Rich with experimentation and chaotic ethos, this is not really an accessible record. Not for everyone, at least. Well produced and beautifully arranged throughout, this is hard noise with undercurrents that stick with you long after the record is turned off. Perhaps the most immediate songs among the sixteen are “Shoulders Of Summerstone” featuring a pulsing, forward beat overlaying a spoken (yet still indecipherable) vocal and the ten minute “Greepoint” which capitalizes on the theme of cold, spare strings and swirling negative spaces, eventually building into a cacophonous beat but this is a more gradual, evocative assemblage.

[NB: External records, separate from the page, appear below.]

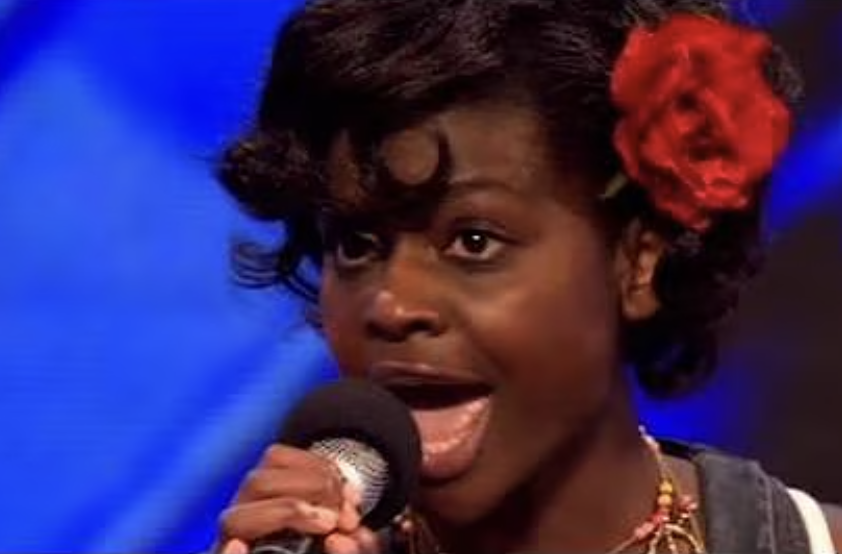 Person singing passionately into a microphone, wearing a flower in their hair, likely on a talent show stage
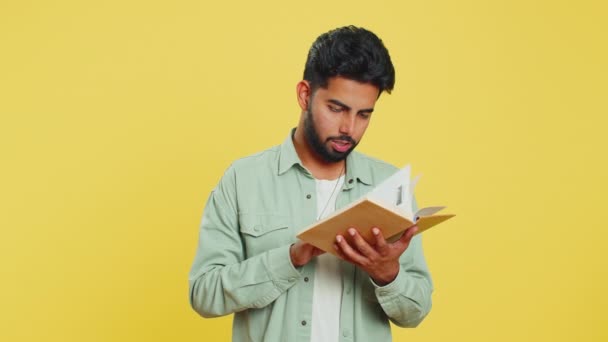 Gelukkig ontspannen glimlachende Indiase jongeman lezen grappig interessant sprookje verhaal boek, vrijetijdsbesteding, kennis wijsheid, onderwijs, leren, studeren, wow. Arabian Hindoe kerel geïsoleerd op gele achtergrond - Video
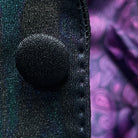 Macro detail of iridescent teal green purple black tuxedo fabric showing abstract pattern and colour-shifting properties under lighting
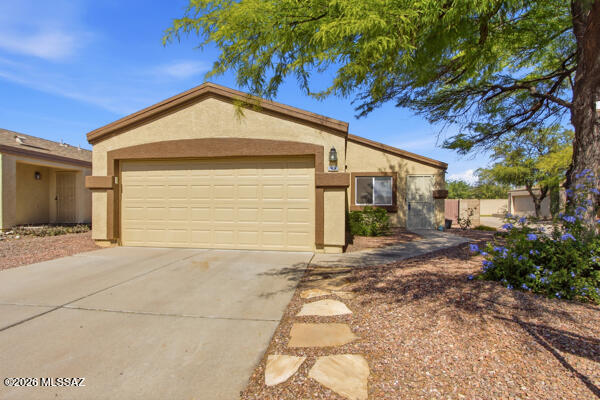 Save $$$, all appliances included, free electricity from your owned solar panel system. Access to the ''Tucson Loop'' is at the end of the street. This home is in tip top condition for this 3 bedroom 2 bath home that is ready to move right in now. Easy care back yard, mostly concrete with planters. 2 car garage and most all of the yard furnishings are also included, too! One year buyers home warranty comes with the home also. Come see it today!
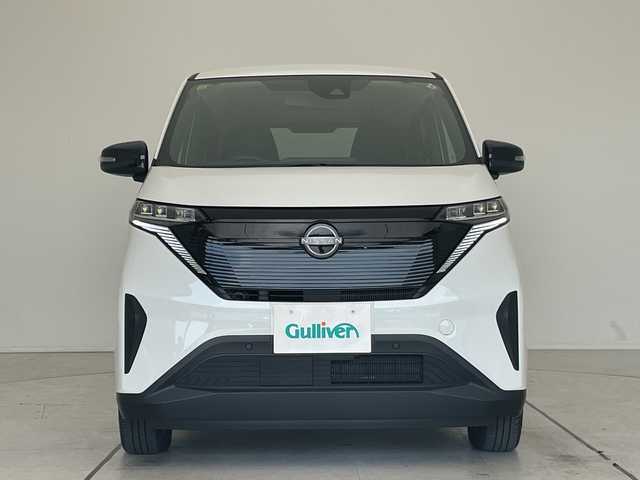 日産 サクラ X 愛知県 2023(令5)年 0.6万km ホワイトパール 純正9型ナビ/バックカメラ/コーナーセンサー/純正アルミホイール/LEDヘッドライト/オートマチックハイビーム/衝突軽減システム/フルセグ/CD DVD/Bluetooth/ステアリングスイッチ/スマートキー/プッシュスタート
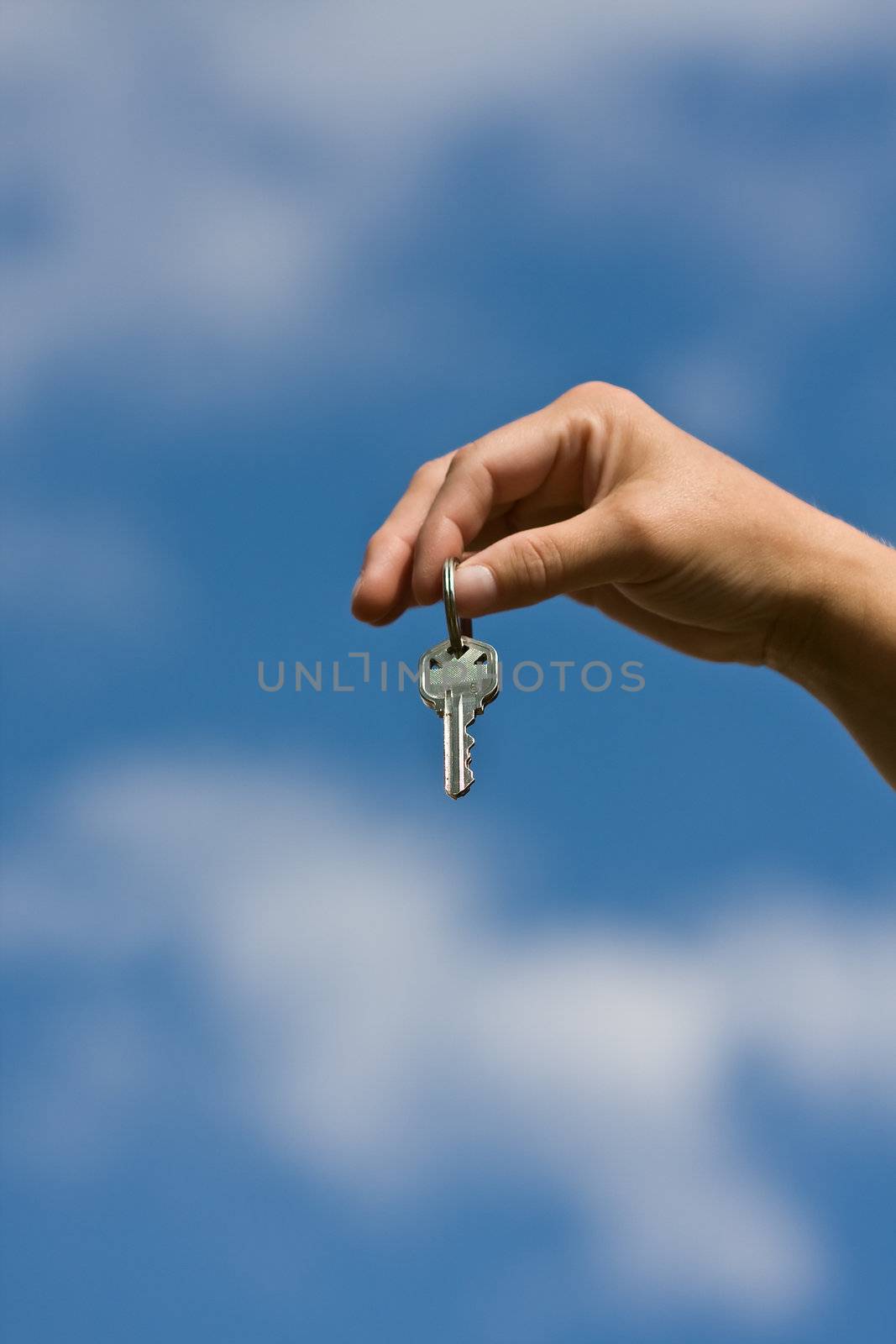 woman handing another woman keys to a house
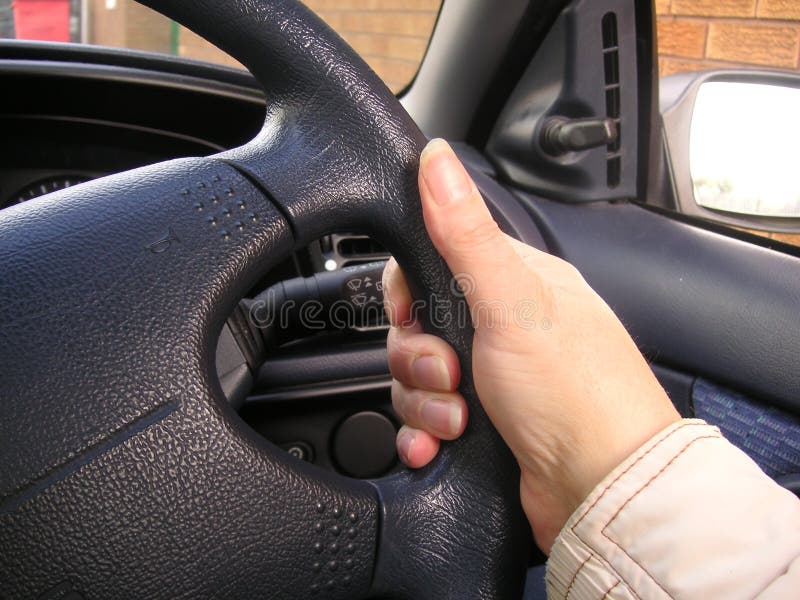 Holding a steering wheel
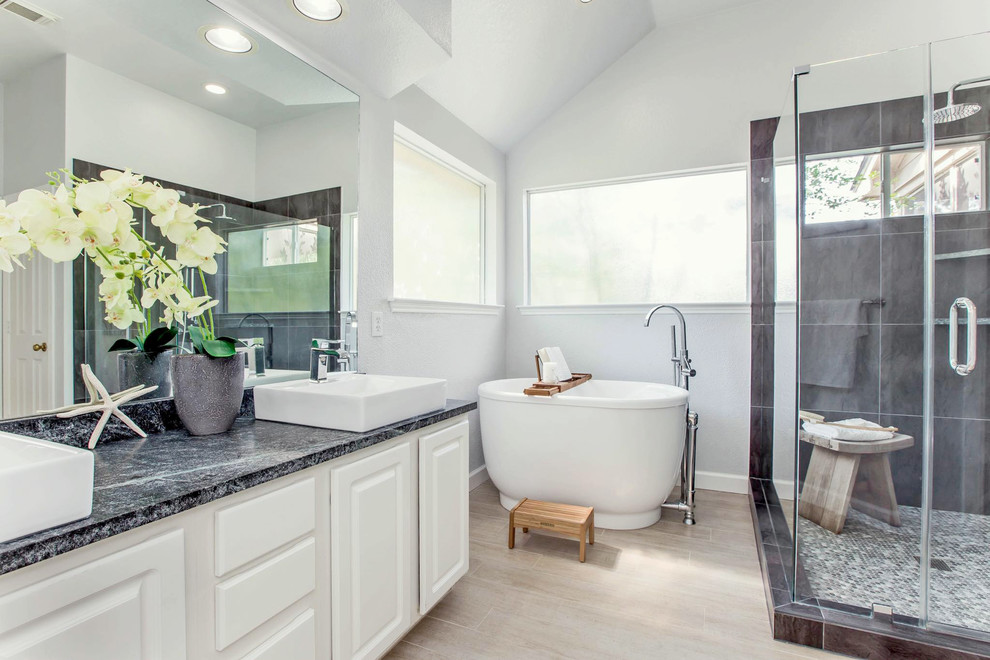 Photo of a traditional ensuite bathroom in Houston with raised-panel cabinets, white cabinets, a freestanding bath, a corner shower, brown tiles, grey walls, a vessel sink and a hinged door.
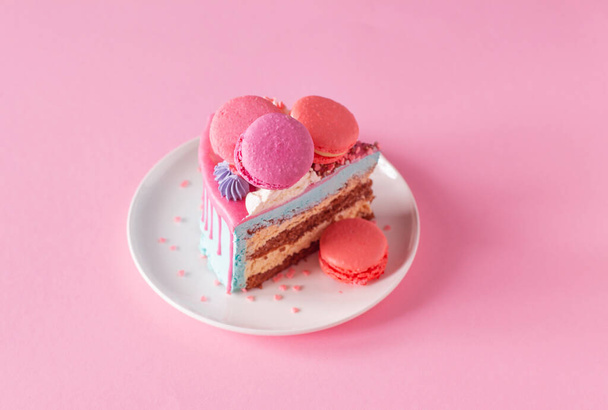 piece of cake with pink and blue decor on white plate on pink background - Foto, imagen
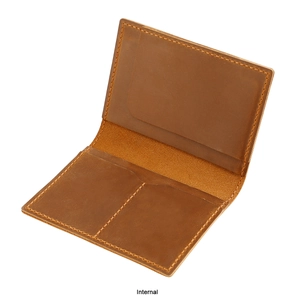 Detail view of genuine leather passport cover interior with AirTag holder and card slots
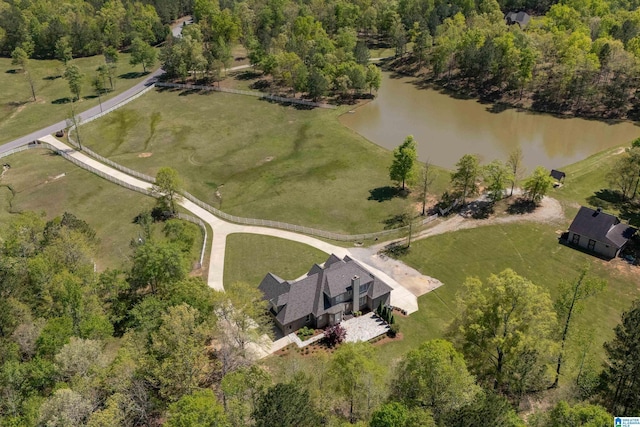 aerial view featuring a forest view and a water view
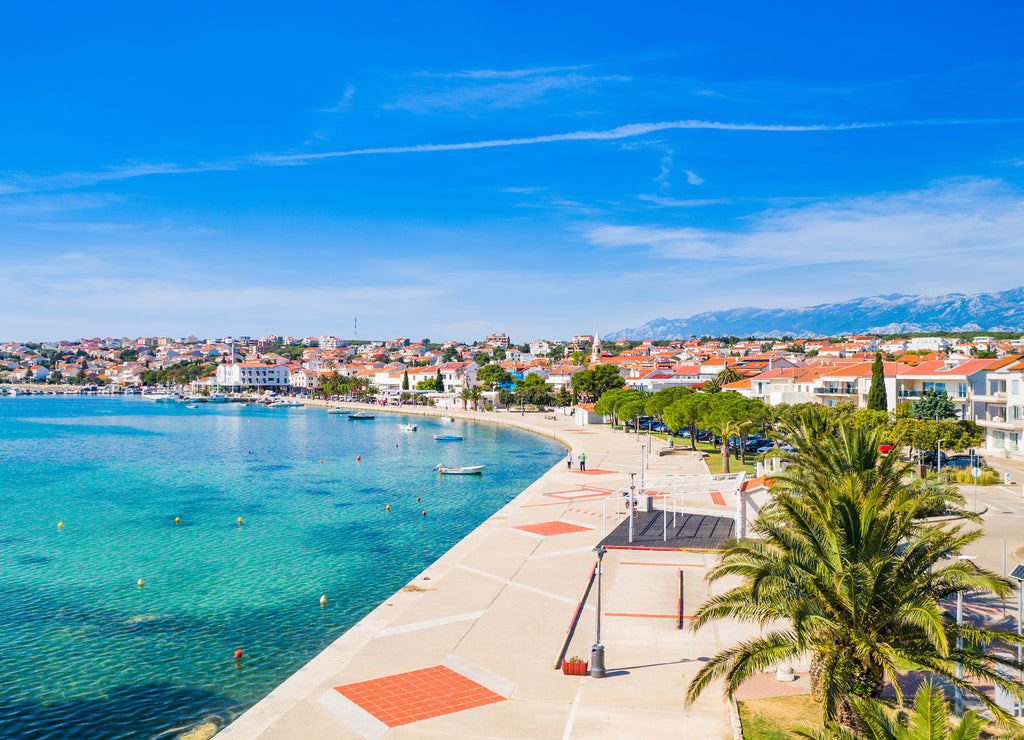 Croatia, beautiful Adriatic coastline, town of Novalja on the island of Pag, city center and marina aerial view from drone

Frozen Niagara Falls is full of harrowing textures. There are a multitude of long tracks, three in excess of ten minutes and many others standing as song length industrial compositions. Length and severity, however, should not be a deterrent. This is a challenging listen, one that might push some listeners past their “turn off” point but the emotional touchstones are worthwhile.
Cold Cave, Full Cold Moon
Cold Cave is the moniker for New York and London based electronic/darkwave musician Wesley Eisold, the album a collaboration project originally released late winter of 2014. The sound on the twelve track collection waxes and wanes between a series of familiar sounds, from frigid Factory Records era manufactured dance pop, backed by austere lyrics, to hints of Krautrock, to drab industrial, landscapes that resemble the moon or the rain glazed Manchester of imagination.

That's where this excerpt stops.